Lake Reflections is a summer series highlighting the insights of Silver Lake Staff during the SLCC Summer Camp Season.
by Rev. Chris Mereschuk
For the past several years, my kiddo and I have volunteered as Chaplains during the final week of conferences at Silver Lake. It's something we look forward to all year. When I plan out my daily devotions, I first look at the theme for the summer. I found this year's, "Fearless Faith: Courage in Community," to be an inspiring challenge both personally and pastorally. With the themes of fearlessness, faith, courage, and community in mind, I read through the suggested scriptures and stories until a collection of devotions emerged.
Courage looks different for different people. Sometimes finding courage or showing courage can seem like such a small thing to some of us, but is a tremendous undertaking for the one who is being courageous. I like to think of everyday acts of courage that we can accomplish, ways that we can nurture courage in ourselves and others, and how we might pause to recognize opportunities for courageousness.
When the campers arrived on Sunday, I asked them to have the courage to try something new — even if they think they know everything there is to know and have experienced everything there is to experience, there is always something new. It often takes courage to try something new.
Each morning I shared a new "Courage Challenge." On Monday, we considered how you often need courage just to be yourself — without fear of judgment or rejection. We must be ourselves, because God loves us, has loved us, and will continue to love us for who we are. But loving yourself and being yourself takes courage.
And while we must always be our true selves, we must also have the courage to be in covenant with others and be willing to be changed or transformed by others. Tuesday's challenge called upon our courage to let others into our lives.
When we begin to love and understand others, then we are called to have the courage to stand up for justice. Just as Queen Esther was born to save her people, each one of us was born to find those ordinary and extraordinary times when we need the courage to stand up for justice.
On Thursday we reflected on the power that fear can have in our lives. Fear keeps us from taking risks, meeting new people, understanding ourselves and others. Fear's deadly cousins are hatred and violence. We must have the courage to reject fear.
But we cannot do any of this if we do not have love. Just as Paul wrote to the Corinthians, all of our actions, causes, prayers and praises are simply empty gestures if we do not have love. And loving is risky. Despite the risks, we must have the courage to live our lives guided by love.

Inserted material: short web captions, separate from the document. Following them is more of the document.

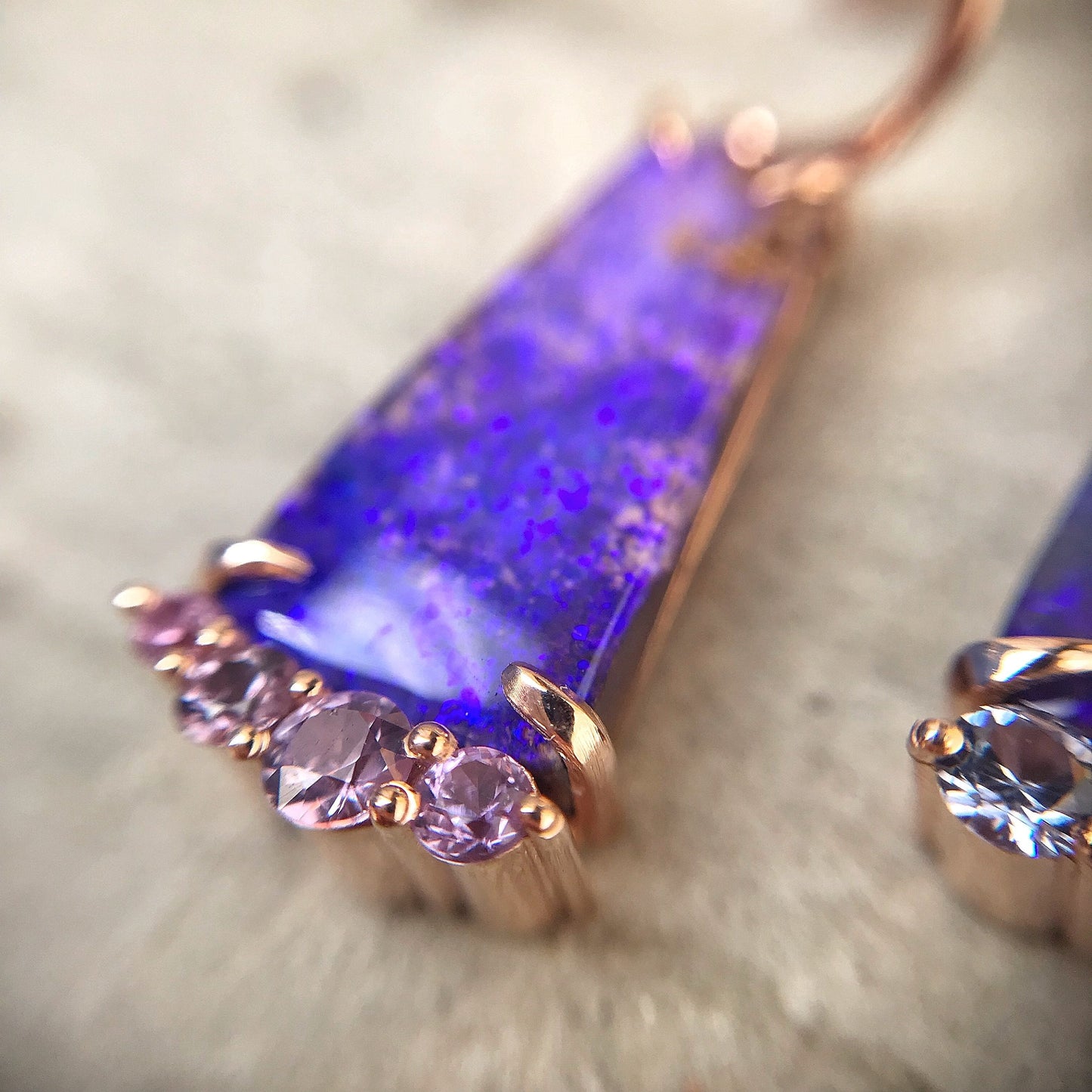 Solstice Blue Boulder Opal Earrings-earrings-NIXIN-NIXIN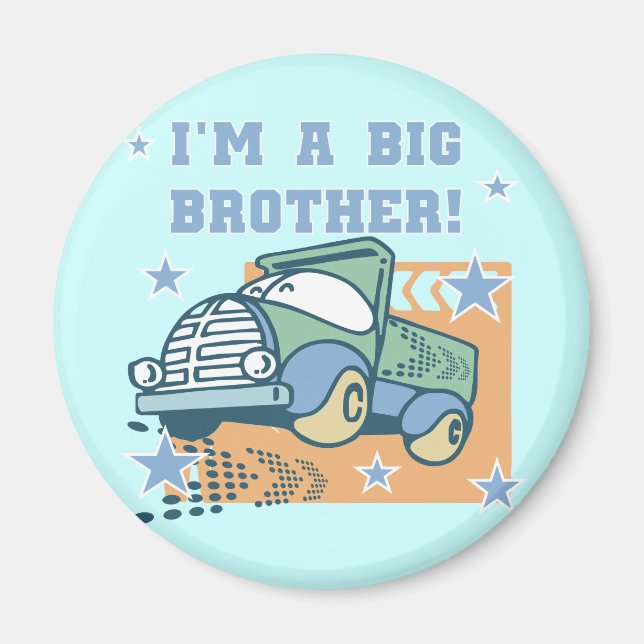 I'm a Big Brother - Truck Tshirts and Gifts Magnet (Front)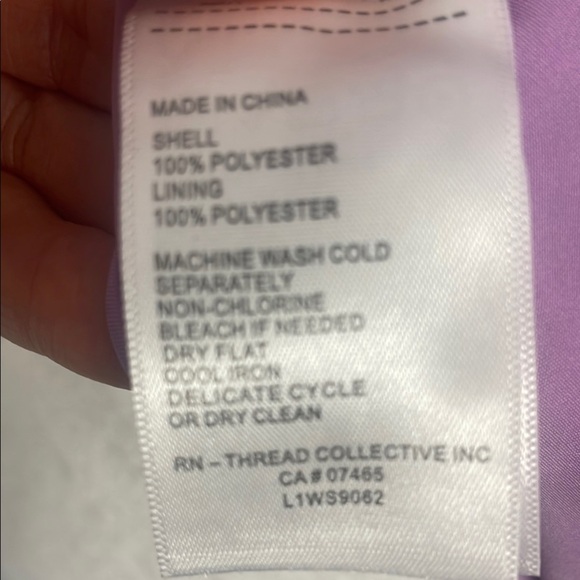 Laundry By Shelli Segal Purple Lace Sleeveless Blouse. Fitted Sz S - Picture 9 of 10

Saturday brings the departure of the campers and volunteers, and this particular Saturday closed out the summer for a number of staff members as well. But the "Courage Challenges" don't lose their importance once your car turns onto Low Road. We must have the courage to continue. We must lean on each other, our communities, our faith, and our God to find the perseverance and the resilience to keep going despite hardships and setbacks. And when our courage is lacking, we must kindle the courage to find it again.
My hope for everyone who heard these messages and for all of you who read them here is that you would "be of good courage." I pray that you would find within yourself and within your community the courage to try new things, be yourself, be in covenant with others, stand up for justice, reject fear, love, and continue.
Rev. Chris Mereschuk is the Associate Pastor of Haydenville Congregational Church in Haydenville, MA, and the chaplain for Week 7 at Silver Lake Conference Center.